The community which Athenian drama addressed was precisely in the mood which best enables a dramatist to exert political and moral force. There was much in its temper that might remind us of Elizabethan England; but I would venture to illustrate it here by words borrowed from the England of a later time. The greatest plea in the English language for the liberty of the press—or perhaps we should rather say, for the freedom of the mind—belongs to the close of that year which saw the hopes of the Parliamentarians, in their struggle with the Royalists, raised to an assurance of final success by the crushing defeat of Rupert. An enthusiastic confidence in the large destinies opening before the English people already fired the mind of the poet who was to end his days, like Samson

“Eyeless in Gaza, at the mill with slaves, Himself in bonds under Philistian yoke.”
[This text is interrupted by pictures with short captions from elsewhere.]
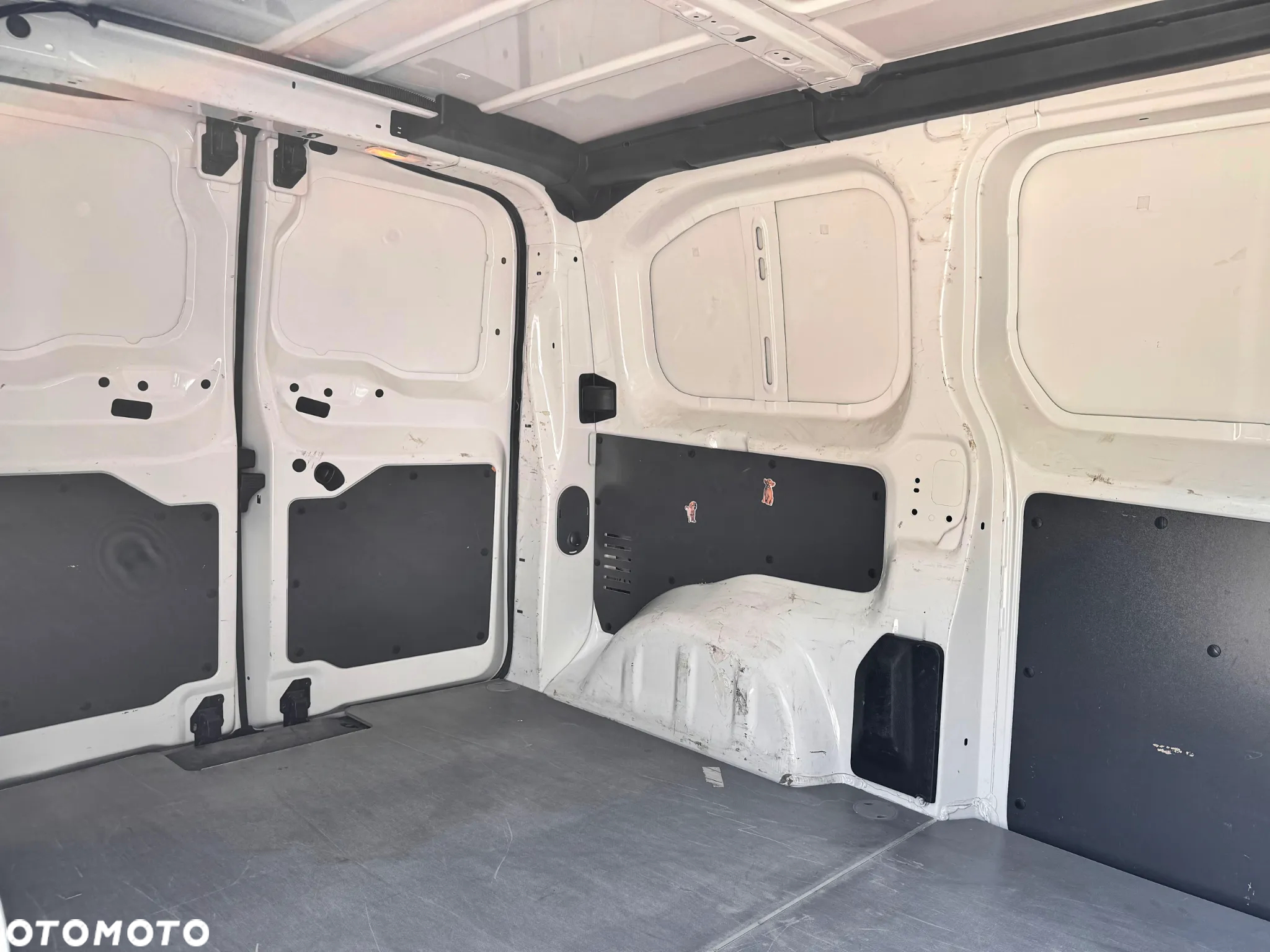 Toyota PROACE - 24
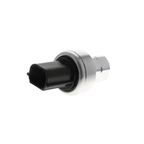Vemo V25-73-0143 A/C Compressor Pressure Delay Switch - view 8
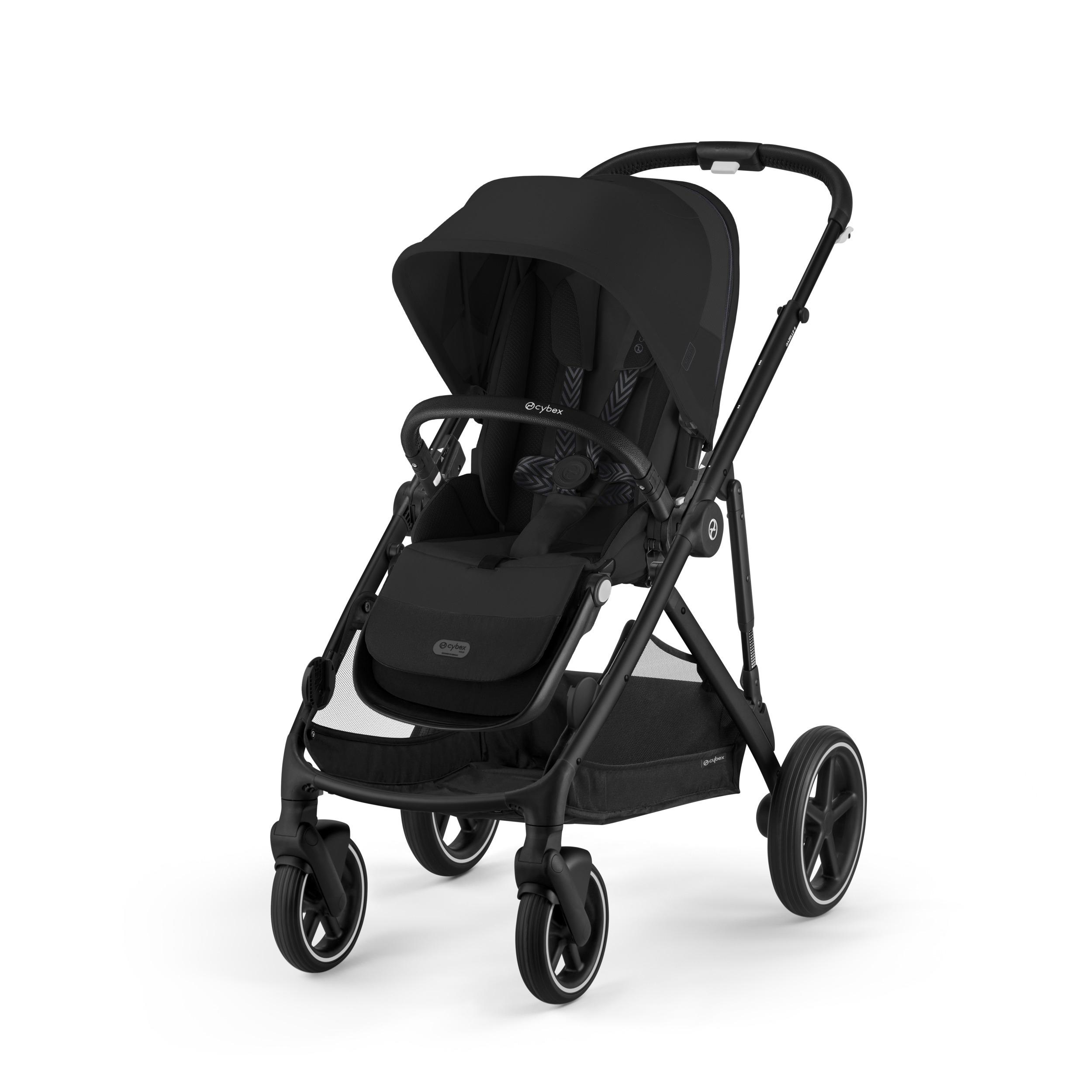 Kinderwagen CYBEX Gazelle S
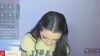 Capture at 2025-10-16 10:27:47
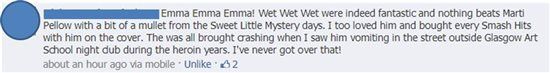 Re: A confession...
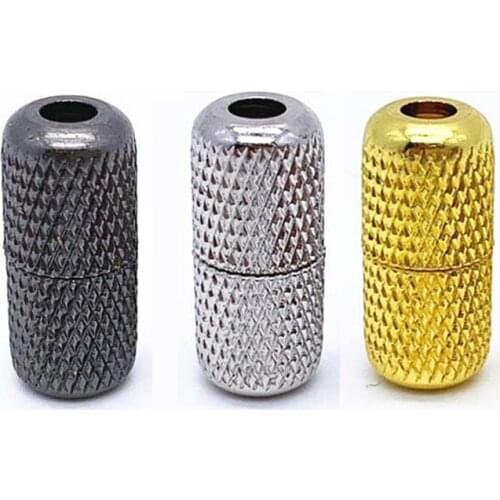 6PCS Thick Shoelace Buckle Lock Quick Tieless Lace Clasps Quick No Need Tie Flat Shoelaces Flat Anchor Lazy Shoe Laces Buckle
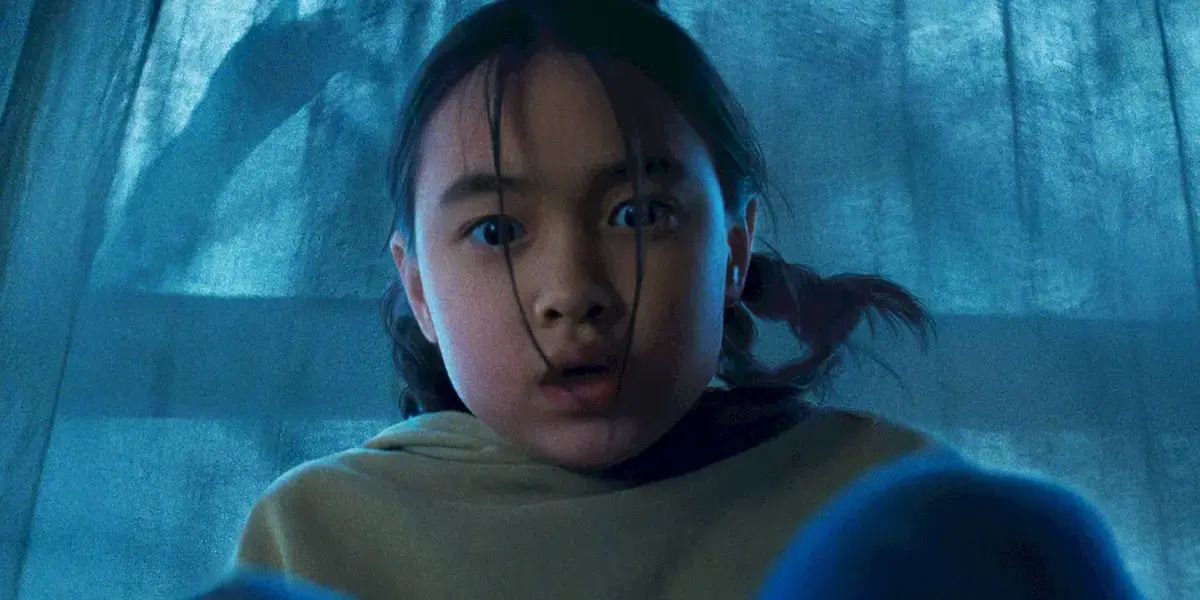 Netflix's Latest Thriller Misses the Mark, Disappointing Viewers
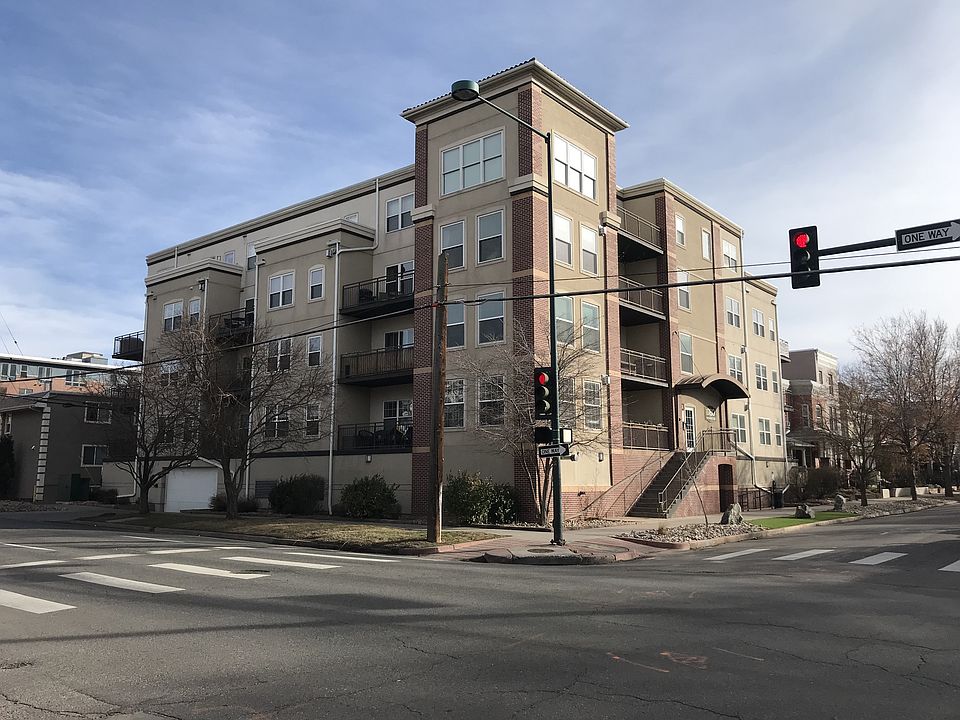 1st image of 1780 N Washington St APT 301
Then, in 1644, Milton, thinking of the victory of Marston Moor, was rather like Aeschylus raising his dramatic paean for the victory of Salamis; and the glowing language in which he describes the new alertness of his country’s spirit might fitly be applied to the Athens for which the great dramatists wrote. “As in a body, when the blood is fresh, the spirits pure and vigorous not only to vital but to rational faculties and those in the acutest and the pertest operations of wit and suttlety, it argues in what good plight and constitution the body is, so when the cherfulnesse of the people is so sprightly up, as that it has not only wherewith to guard well its own freedom and safety but to spare, and to bestow upon the solidest and sublimest points of controversie and new invention, it betok’ns us not degenerated, nor drooping to a fatall decay, but casting off the old and wrincl’d skin of corruption to outlive these pangs and wax young again, entring the glorious waies of Truth and prosperous vertue destin’d to become great and honourable in these latter ages. Methinks I see in my mind a noble and puissant Nation rousing herself like a strong man after sleep, and shaking her invincible locks. Methinks I see her as an Eagle muing her mighty youth, and kindling her undazl’d eyes as the full mid-day beam, purging and unscaling her long abused sight at the fountain it self of heav’nly radiance.”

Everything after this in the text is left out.